Your instructions = For the listing below, print exactly the lines from the line with "JF1GPAC65DH815176 2013 Subaru" to the line with "Resale - Apartment", both included, and nothing beyond them.

Records provided =
******

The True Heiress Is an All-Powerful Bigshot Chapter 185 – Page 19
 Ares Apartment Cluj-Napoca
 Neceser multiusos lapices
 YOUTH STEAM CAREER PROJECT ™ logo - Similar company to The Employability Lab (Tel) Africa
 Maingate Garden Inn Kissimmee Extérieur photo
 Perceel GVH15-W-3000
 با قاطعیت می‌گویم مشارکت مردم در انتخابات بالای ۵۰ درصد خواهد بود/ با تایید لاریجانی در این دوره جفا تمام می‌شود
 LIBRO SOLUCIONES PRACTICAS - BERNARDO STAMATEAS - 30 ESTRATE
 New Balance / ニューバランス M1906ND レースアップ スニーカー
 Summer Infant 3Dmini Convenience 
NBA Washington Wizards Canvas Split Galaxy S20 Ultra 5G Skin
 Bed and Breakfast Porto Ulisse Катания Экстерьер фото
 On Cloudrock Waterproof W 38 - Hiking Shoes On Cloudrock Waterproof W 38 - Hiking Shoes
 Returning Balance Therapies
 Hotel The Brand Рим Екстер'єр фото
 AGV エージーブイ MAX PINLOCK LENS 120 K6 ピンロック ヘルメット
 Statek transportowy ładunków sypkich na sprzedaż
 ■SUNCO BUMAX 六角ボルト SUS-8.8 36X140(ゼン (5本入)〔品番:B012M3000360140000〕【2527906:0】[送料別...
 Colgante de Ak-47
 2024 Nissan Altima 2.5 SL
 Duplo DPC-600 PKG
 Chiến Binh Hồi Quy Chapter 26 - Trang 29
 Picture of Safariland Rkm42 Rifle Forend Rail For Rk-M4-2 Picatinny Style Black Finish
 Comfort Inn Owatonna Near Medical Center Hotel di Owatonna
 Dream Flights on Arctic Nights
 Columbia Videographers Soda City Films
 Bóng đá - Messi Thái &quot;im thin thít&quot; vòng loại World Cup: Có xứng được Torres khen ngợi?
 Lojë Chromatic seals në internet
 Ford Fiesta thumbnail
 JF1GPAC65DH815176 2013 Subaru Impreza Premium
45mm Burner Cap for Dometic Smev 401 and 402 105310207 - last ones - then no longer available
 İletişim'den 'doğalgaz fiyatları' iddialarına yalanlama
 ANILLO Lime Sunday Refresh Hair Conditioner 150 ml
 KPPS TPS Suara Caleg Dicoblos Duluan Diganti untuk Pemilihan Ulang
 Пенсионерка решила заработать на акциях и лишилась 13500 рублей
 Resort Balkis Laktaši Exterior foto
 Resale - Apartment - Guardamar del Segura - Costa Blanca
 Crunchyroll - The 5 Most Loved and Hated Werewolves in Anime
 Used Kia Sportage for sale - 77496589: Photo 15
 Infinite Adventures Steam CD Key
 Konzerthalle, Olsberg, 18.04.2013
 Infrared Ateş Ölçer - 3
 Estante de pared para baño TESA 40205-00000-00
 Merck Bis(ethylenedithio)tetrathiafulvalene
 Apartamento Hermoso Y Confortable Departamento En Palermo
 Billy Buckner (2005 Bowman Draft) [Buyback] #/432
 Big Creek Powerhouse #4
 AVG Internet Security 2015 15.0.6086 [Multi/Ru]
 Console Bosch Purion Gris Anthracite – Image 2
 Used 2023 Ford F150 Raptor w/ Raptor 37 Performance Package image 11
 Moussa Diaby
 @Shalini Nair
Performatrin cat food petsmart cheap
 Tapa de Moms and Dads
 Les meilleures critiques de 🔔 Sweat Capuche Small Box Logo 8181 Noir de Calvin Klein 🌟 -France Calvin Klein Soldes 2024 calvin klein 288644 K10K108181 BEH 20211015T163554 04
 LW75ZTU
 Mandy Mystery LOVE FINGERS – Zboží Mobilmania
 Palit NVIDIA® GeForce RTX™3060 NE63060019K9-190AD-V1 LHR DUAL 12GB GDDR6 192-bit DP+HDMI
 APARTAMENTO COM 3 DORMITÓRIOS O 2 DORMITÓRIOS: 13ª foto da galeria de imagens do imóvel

******

Finished exercise =
 JF1GPAC65DH815176 2013 Subaru Impreza Premium
45mm Burner Cap for Dometic Smev 401 and 402 105310207 - last ones - then no longer available
 İletişim'den 'doğalgaz fiyatları' iddialarına yalanlama
 ANILLO Lime Sunday Refresh Hair Conditioner 150 ml
 KPPS TPS Suara Caleg Dicoblos Duluan Diganti untuk Pemilihan Ulang
 Пенсионерка решила заработать на акциях и лишилась 13500 рублей
 Resort Balkis Laktaši Exterior foto
 Resale - Apartment - Guardamar del Segura - Costa Blanca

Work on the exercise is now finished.